Simon Calder: Spanish airport strikes Q&A
Simon Calder is Travel Editor at Large for The Independent, writing a weekly column, various articles and features as well as filming a weekly video diary. Every Sunday afternoon, Simon presents the UK's only radio travel phone-in programme called The LBC Travel Show with Simon Calder (97.3 FM). He is a regular guest on national TV, often seen on BBC Breakfast, Daybreak, ITV News and Sky News. He is often interviewed on BBC Radio, particularly for BBC Radio 4’s You & Yours programme and BBC Five Live.
Wednesday 09 March 2011
Millions of British holidaymakers heading for Spain in spring and summer could have their holiday plans disrupted by a series of strikes by airport workers. Ground staff at Spanish airports are planning industrial action starting in April and continuing into the summer season. What are the likely effects if you are planning a holiday?
Q. Who’s planning to strike – and why are they unhappy?
Workers from maintenance staff to airport firefighters who work for Aena, the state airport authority. They are protesting against the government’s plans to sell off the airports, fearing it could hit their jobs. And they’re probably right: at present they enjoy relatively benign conditions. If their workplaces were sold off to big infrastructure companies, such as those who run most of Britain’s biggest airports, they would face demands for much higher productivity.
Q. What impact could strikes have?
The dates specified are 20, 21, 24, 25 and 30 April; 2, 14, 15, 19 and 20 May; 13, 23 and 30 June; 1, 2, 3, 4, 15 and 31 July; and 1, 15 and 31 August. At busy times, such as during Easter, over the Royal Wedding weekend, over the early summer half-term and in July and August, as many as 100,000 people a day could be expecting to fly to or from Spain. As a worst case, the big holiday airports such as Alicante, Malaga, Palma and across the Canary Islands could grind to a halt. There could also be repercussions for other travellers if planes and pilots are stranded out of position. However, the government in Madrid signalled last September – when air-traffic controllers walked out on a lightning strike – that it will take a hard line with any group of workers threatening to disrupt tourism, and of course the travel plans of Spanish people themselves. It is believed to be drafting plans to bring the military in to provide emergency cover.
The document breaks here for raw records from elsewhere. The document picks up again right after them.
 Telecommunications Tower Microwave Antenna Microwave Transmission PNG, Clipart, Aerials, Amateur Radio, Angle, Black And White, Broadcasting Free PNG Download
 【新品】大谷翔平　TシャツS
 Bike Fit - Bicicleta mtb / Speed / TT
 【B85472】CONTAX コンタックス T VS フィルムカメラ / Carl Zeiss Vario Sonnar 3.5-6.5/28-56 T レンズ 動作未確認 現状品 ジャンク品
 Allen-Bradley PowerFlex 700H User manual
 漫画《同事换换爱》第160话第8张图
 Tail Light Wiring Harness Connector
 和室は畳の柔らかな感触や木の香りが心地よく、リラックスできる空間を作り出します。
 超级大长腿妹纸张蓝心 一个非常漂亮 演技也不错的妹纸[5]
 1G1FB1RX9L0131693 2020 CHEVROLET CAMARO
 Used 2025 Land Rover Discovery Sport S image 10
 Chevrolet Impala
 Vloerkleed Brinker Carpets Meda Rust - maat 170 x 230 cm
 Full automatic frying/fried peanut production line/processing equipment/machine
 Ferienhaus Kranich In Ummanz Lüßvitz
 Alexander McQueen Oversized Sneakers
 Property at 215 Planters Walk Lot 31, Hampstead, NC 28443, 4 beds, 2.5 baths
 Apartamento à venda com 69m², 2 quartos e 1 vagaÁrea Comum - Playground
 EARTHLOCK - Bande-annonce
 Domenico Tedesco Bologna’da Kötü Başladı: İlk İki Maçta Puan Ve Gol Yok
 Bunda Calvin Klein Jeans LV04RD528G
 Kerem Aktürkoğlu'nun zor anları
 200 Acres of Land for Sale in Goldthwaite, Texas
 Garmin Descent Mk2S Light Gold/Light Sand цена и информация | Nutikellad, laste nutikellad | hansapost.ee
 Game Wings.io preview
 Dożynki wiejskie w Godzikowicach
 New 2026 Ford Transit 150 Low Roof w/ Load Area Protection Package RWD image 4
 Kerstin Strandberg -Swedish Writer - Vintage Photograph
Q. If you have a holiday booked – what are your rights?
Very few. At this stage all you can do is watch and wait to see what happens. No airline or tour operator will cancel flights at this stage, and anyone seeking to cancel their holiday could find they lose some or all of their money.
If your homebound flight is delayed because of a strike, the airline has a strict duty of care towards you: it must provide meals and accommodation as necessary until it can bring you home. If, however, you decide to find some other way home - for example because of work or family commitments - then the airline's only liability to you is to refund your fare.
Q. And if you haven’t yet booked?
Many will no doubt avoid Spain, not least because travel insurers may reject claims arising from strike-hit flights if you booked after the industrial action was announced. But with holiday companies having cut back on flights to Egypt and Tunisia after the political unrest, this could increase prices for destinations such as Cyprus and Malta.